В русской литературе буржуазного происхождения экономические идеи Аристотеля тоже не получили правильной оценки. Так Железнов в своей специальной монографии после нескольких реверансов по адресу Аристотеля всячески противопоставлял ему Платона, утверждая, что аристотелевская концепция «лишена вдохновенного творческого порыва» и «захватывающей поэтической прелести», характерных для произведений Платона. Видимо, автору больше импонировал платоновский идеализм, чем материалистические тенденции Аристотеля. Платон превозносился совершенно не случайно, так как в этом отражались идеалистические мотивы вульгарной литературы, характерной для буржуазной политической экономии начала XX века. Между тем экономические исследования Аристотеля далеко превзошли то, что дал Платон для экономической мысли античности. В них имелся научный анализ экономических явлений эпохи, а не просто порыв фантазии.

В последующем изложении Железнов давал чисто идеалистическую интерпретацию экономических идей Аристотеля, толкуя их как проявление его моральной концепции. Характеристика последней заняла почти половину текста, и для каждого положения Аристотеля по вопросам экономики автор искал моральную основу. Конечное объяснение экономических идей Аристотеля автор находил в национально-эллинском идеале, в котором греки «сливали этический и эстетический идеал», а также высоко ценили в жизни «чувство меры, дающее ей гармонию и красоту». Аристотелю приписывалось намерение совершенствовать граждан с помощью политики, утверждать чисто моральную оценку хозяйственных благ и т. д. Все его моральные сентенции принимались за чистую монету.

Однако совершенно очевидно, что эти сентенции были лишь формой социальной демагогии, предназначенной для оправдания и маскировки господства рабовладельцев. Моральные нравоучения сопровождали экономический анализ, но не лежали в его основе. Как только Аристотель переходил к рассмотрению проблемы рабства, все его высокие моральные принципы отпадали. Он забывал свои рассуждения о прекрасном и начинал доказывать, что рабы должны работать на господ, дабы последние могли вести паразитическое существование. Сама мораль Аристотеля выражала классовые интересы рабовладельцев и не может считаться объяснением его экономических воззрений.

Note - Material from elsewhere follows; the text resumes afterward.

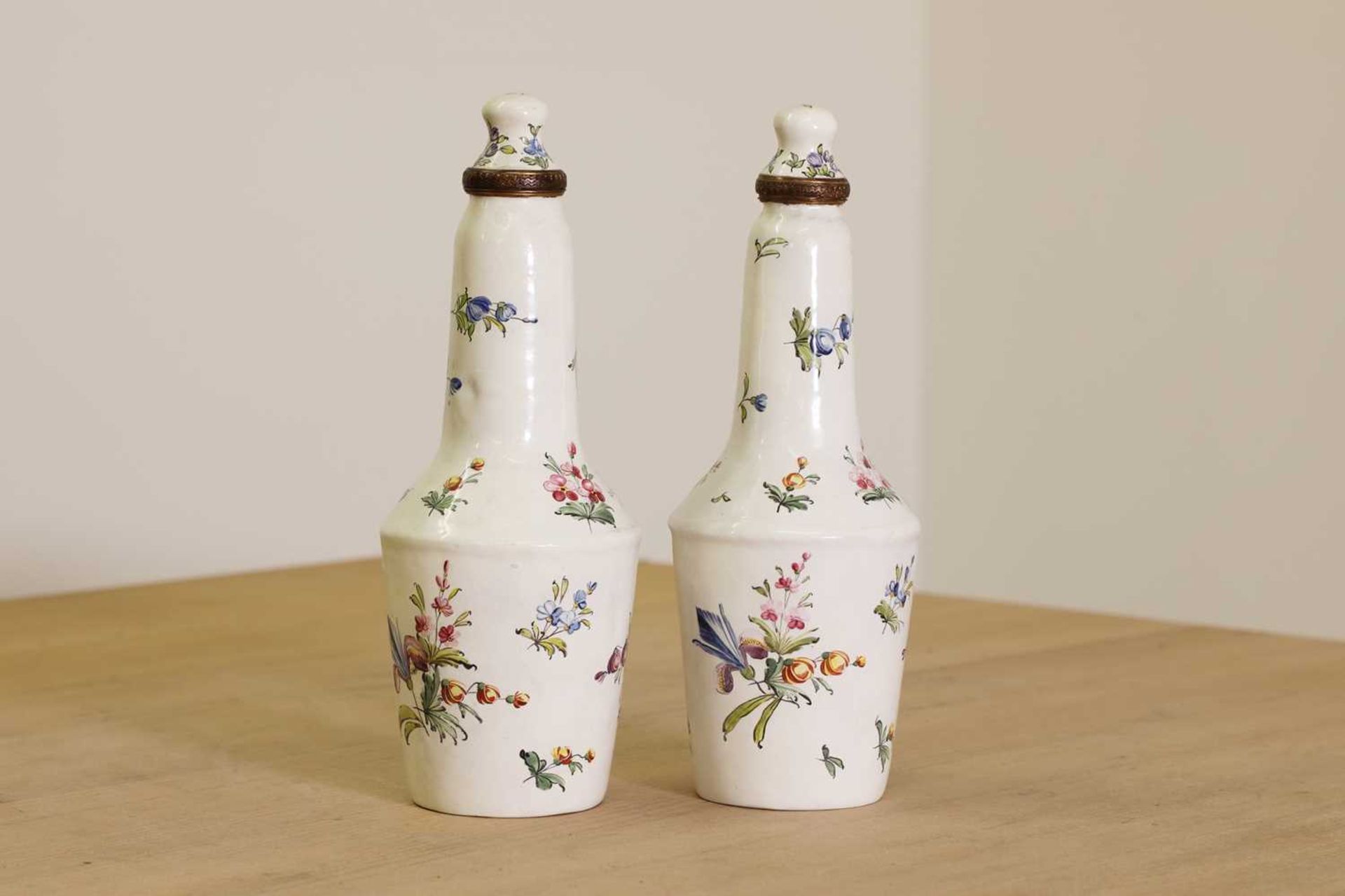 A pair of English enamel condiment bottles, - Bild 2 aus 3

Между тем Железнов безоговорочно утверждал, что теоретическая политэкономия в работах Аристотеля «сливается с моральным учением» и соответственно этому идеи греческого мыслителя нашли своё продолжение в литературной продукции немецкой «историко-этической школы». Вместе с тем Железнов пытался истолковать экономические взгляды Аристотеля с позиций субъективизма, доказывая, что идея полезности составляла для них «руководящий принцип». Посему Аристотель заносился в состав предшественников школы предельной полезности, особенно её «математической ветви», представители которой лишь развили то, что было дано ещё выдающимся мыслителем древности 22).